A skilled planner can help you figure out your financial goals and bring them to reality with deft planning of your money box, investments, insurance and loans. The service comes for a fee so it’s important to know the Dos and the Don’ts of dealing with a financial planner.
How do you give recommendations?
Ideally, your planner should not start talking about which products you need to buy or sell, right at the start of your relationship. A money box needs to be in good shape before you can start putting your money in products. Measures like trying to reduce debt, putting in place emergency money, adequate insurance- especially health insurance-are the necessary things a planner should look at first.
Steven Fernandes, a Mumbai-based certified financial planner, says that many times investors come with peculiar problems that need to be sorted out first. "A year or so back, a 35-year-old man came asking for financial planning services. He had good income but wasn't able to save a single rupee because he had multiple loans. He even had credit card loans. I helped him restructure his loans and close a few."
A written document-known as investment policy document in financial advisory parlance-goes a long way in demonstrating your planner's professionalism in her approach. Ask for this document.
Who will handle your account?
Will your adviser directly handle your money box or will there be a relationship manager who will manage your investments? Neither is a bad option per se. In a recent interview with Mint, Priya Sunder, director, PeakAlpha Investment Services Pvt. Ltd, a Bengaluru-based financial advisory, had said she prefers to handle the more complicated cases, a client undergoing a divorce, for instance. Other cases are handled by her firm's relationship managers. "No single planner should take on more cases than what she can sincerely handle and serve," said Sunder. In smaller firms, the financial planner herself handles your case. In others, it's a mix of both; the head financial planner meets you once a year but the relationship manager stays in touch through the year.
What if the relationship doesn't work out?
"Just because we handle the investor's money box, doesn't mean that their money is with us ..... The money belongs to investors.... It is very easy for a client to go to another distributor and the case transfer can happen in minutes," said Gajendra Kothari, chief executive officer, Etica Wealth Management Pvt. Ltd. Your adviser, too, could also terminate the relationship. "A lot of advice involved in financial planning and clients need to act upon it. But if we observe that clients are not (complying), there is no point in continuing the relationship," said Kalpesh Ashar, a certified financial planner.

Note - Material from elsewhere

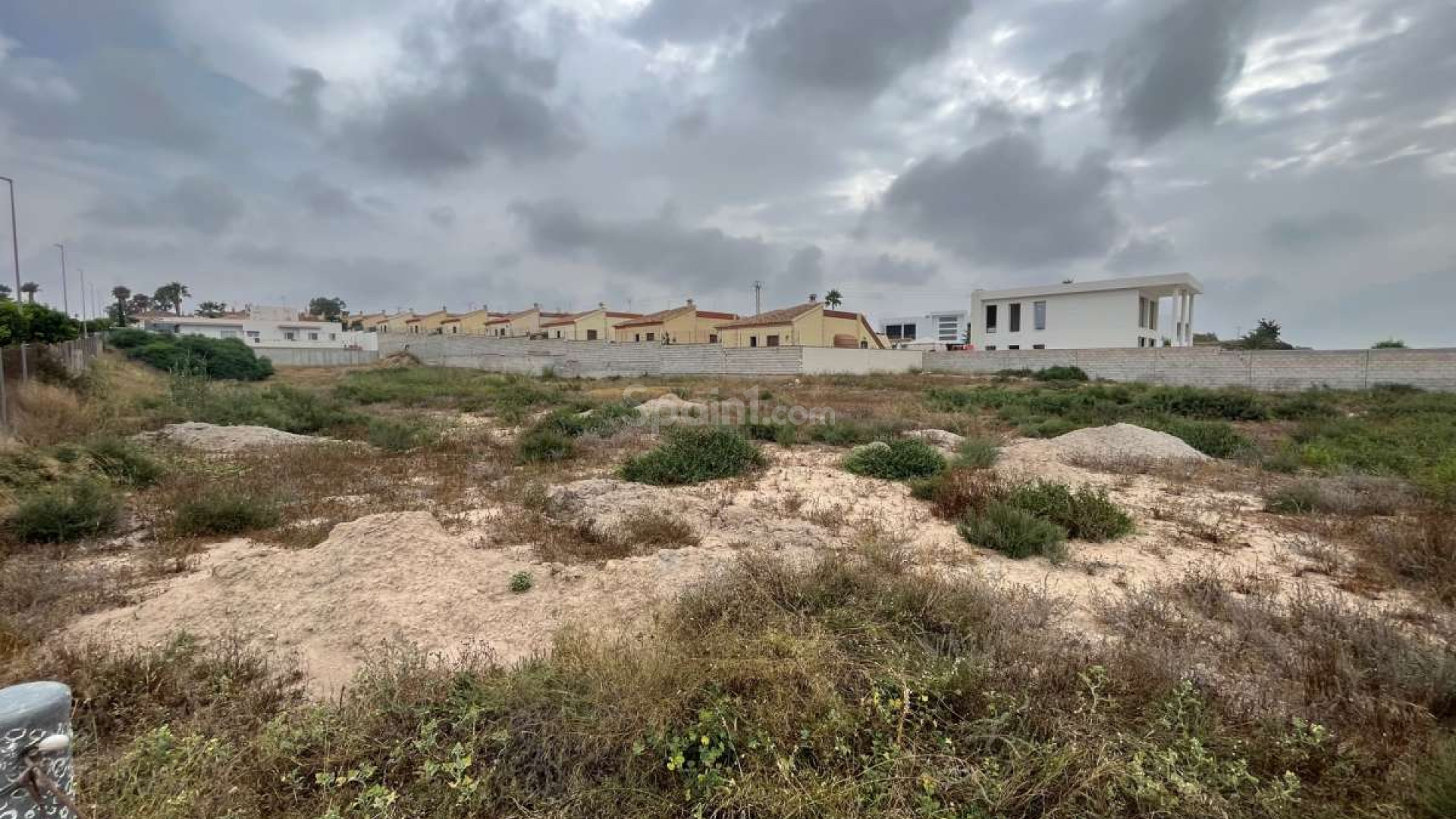 Resale - Commercial -
San Fulgencio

What happens if the adviser dies?
Is there someone else in the firm to take care of you? Will the firm, itself, exist? "Many times, I get new clients who have left their banking relationship to join me. They have kids and I owe it to them to ensure that their wealth is taken care of not only in their presence but also their absence. For that to happen, my firm needs to live on, beyond me," said Ashish Chadha, a Gurgaon-based mutual fund adviser.
Where do you invest your money?
It's okay to ask your adviser where and how she invests her own money. Some advisers, like Kothari, are happy to share their portfolios. "It means we will either swim or sink together. Investors get a lot of confidence this way," said Kothari, adding that "advisers too need to bring that stake to the game."

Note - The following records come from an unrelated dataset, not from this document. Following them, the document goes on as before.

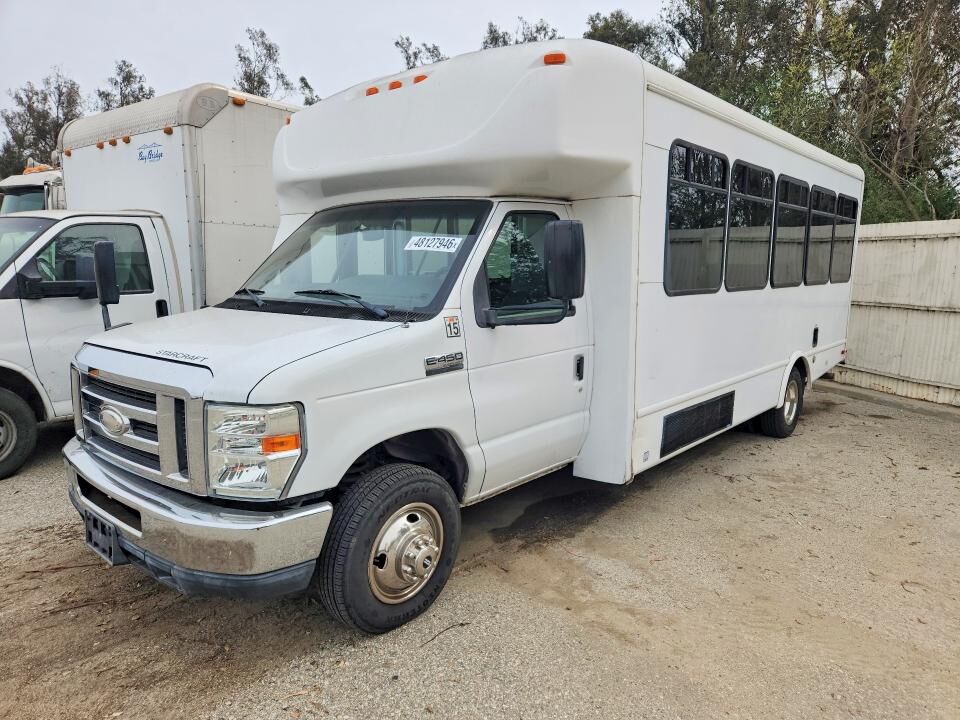 2013 FORD E-450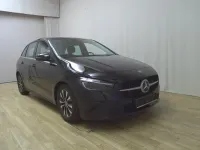 Gebraucht Mercedes B180 116 PS (85 kW) 2023 Schwarz Kleinwagen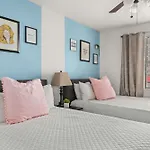 Relax And Unwind On Music Row Holiday home Nashville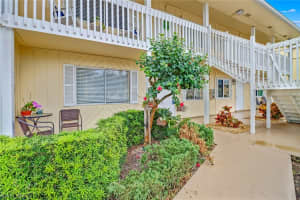 4617 Bayshore Dr, Naples, FL 34112, Sold 12/14/21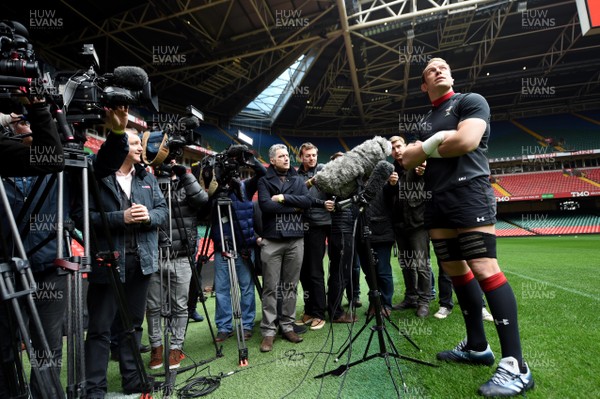 220219 - Wales Rugby Training - Alun Wyn Jones talks to media during training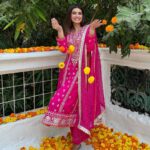 Diana Penty Instagram - Wishing you all light and magic ✨💫 #HappyDiwali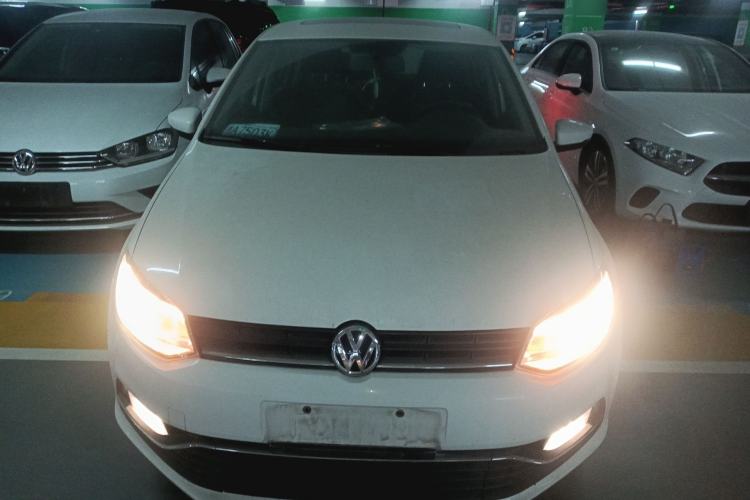 Used Volkswagen Polo 2016 1.6L Automatic Comfort Model
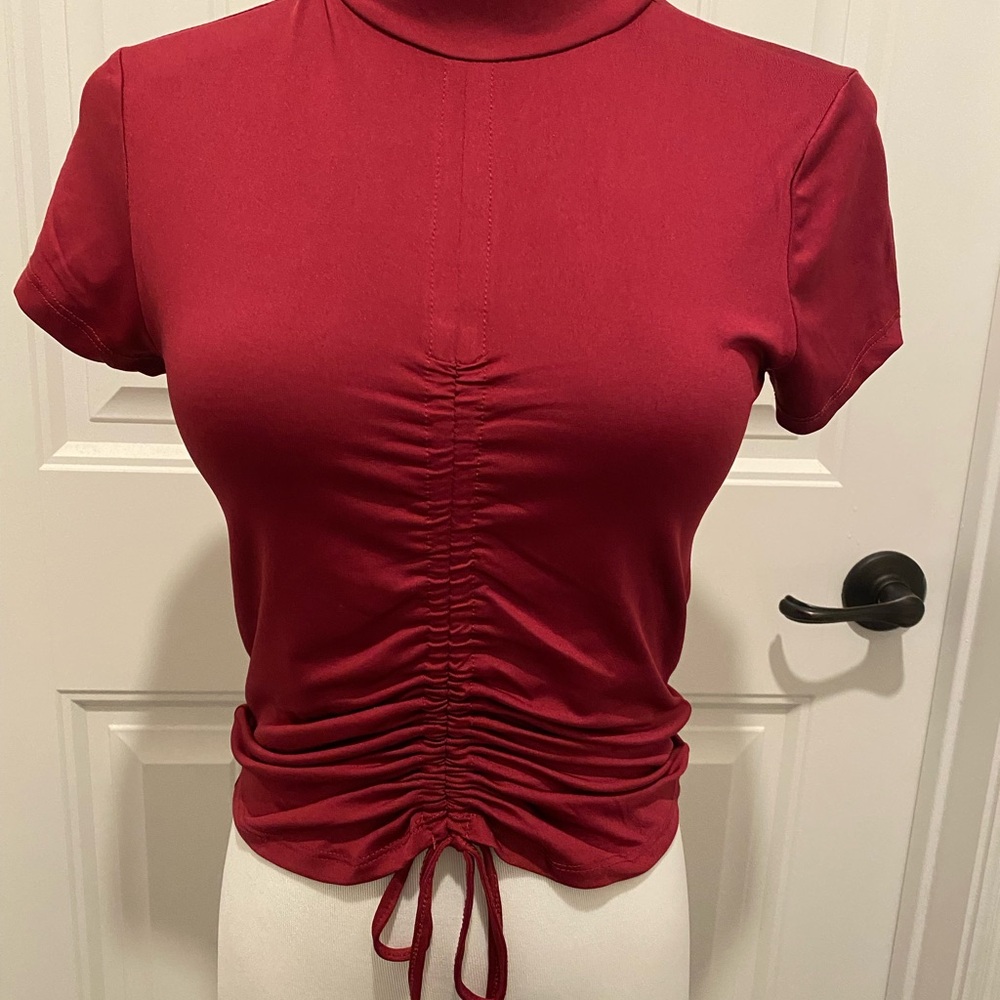 Women's Red Ruched Top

What value-added services do you offer?
Many financial advisers are trying to widen their bouquet of services. For instance, some blend life planning with financial planning. Further, it pays if your adviser offers Will planning too. Some offer the facility to view portfolios online, and so on.
How is the adviser compensated?
Your adviser has to earn, of course, but you need to know how. Either she gets commission or she charges you a fee. If it is the latter, make sure she routes your investments in direct plans (low-cost mutual funds without distributor commission embedded). Different advisers follow different fee structures but it is typically a percentage of your prevailing assets. Also, she may charge a consultation fee at the time of on-boarding.
Just make sure to ask this, and all the other questions.